Larichev appelle joyeusement sa femme et lui annonce son triomphe. À ce moment précis, Prokhorov apprend qu’Ivanov et Klyagin ont réussi grâce aux antisèches que Larichev avait extorquées à la secrétaire de la commission ce soir-là. Le chauffeur, furieux de cette falsification, décroche le téléphone, bien décidé à révéler toute la vérité à Elena Petrovna.
Larichev se jette sur Prokhorov, reçoit deux coups dans le ventre, puis s’empare du fusil qu’Anton a jeté. Il vise les hommes et jure de tirer les deux coups si quelqu’un appelle sa femme. Larichev craint que le cœur fragile d’Elena Petrovna ne puisse supporter une telle déception.

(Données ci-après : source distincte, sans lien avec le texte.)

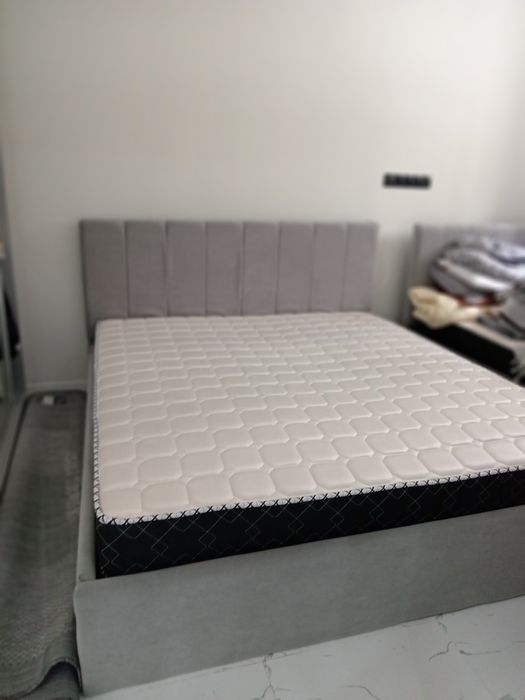 Продам кровать большую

Soudain, Elena Petrovna apparaît en personne à la porte. Elle est déjà au courant de la falsification. Furieuse, elle met son mari à la porte. Ivanov et Kliaguine s’enfuient eux aussi. Kliaguine déchire le faux certificat du phénomène et enfile ses lunettes habituelles, correction -3.
Le final
Seule avec Prokhorov, Elena Petrovna le réprimande sévèrement pour avoir perturbé la représentation. Lorsque le chauffeur traite Larichev d’hystérique et d’escroc, elle défend farouchement son mari. Elle explique qu’Oleg Larichev a abandonné ses travaux scientifiques et sa fierté uniquement pour elle. Elena Petrovna conseille à Prokhorov de cesser de nourrir ses capacités de haine. Elle lui demande d’essayer de déplacer des objets par amour et d’essayer d’aimer les gens.

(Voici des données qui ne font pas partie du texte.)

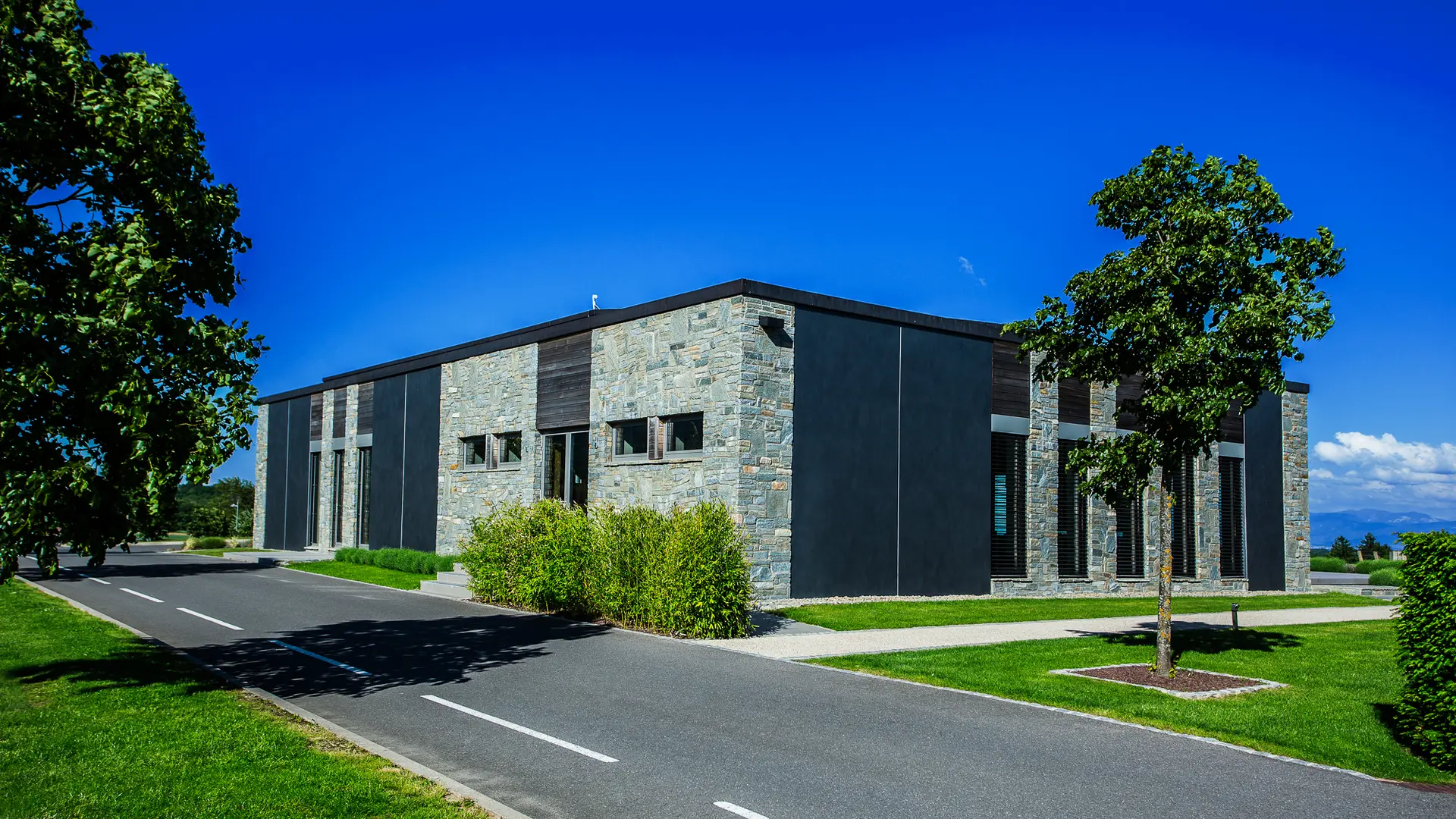 Hangar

Elena Petrovna rentre chez elle, auprès de son mari. Prokhorov, resté seul, boit un verre de vodka. Liouba, l’infirmière, entre dans la pièce, élégamment vêtue. D’un ton enjoué, elle demande à faire une démonstration des prodiges de la télékinésie qu’elle promet. Mikhaïl, d’abord brusque, la réprimande, mais, voyant ses larmes sincères, il s’excuse.
Se souvenant des instructions d’Elena Petrovna, Prokhorov renonce à son agressivité. Il demande le nom du préposé et fait un geste fluide de la main. La bouteille et le pistolet glissent doucement sur le sol. Liouba allume le haut-parleur. Au son de la musique, Prokhorov anime tous les meubles et le décor de la pièce. Les murs et les objets dansent au rythme de la mélodie, obéissant aux sentiments rayonnants du héros et à la volonté de l’auteur.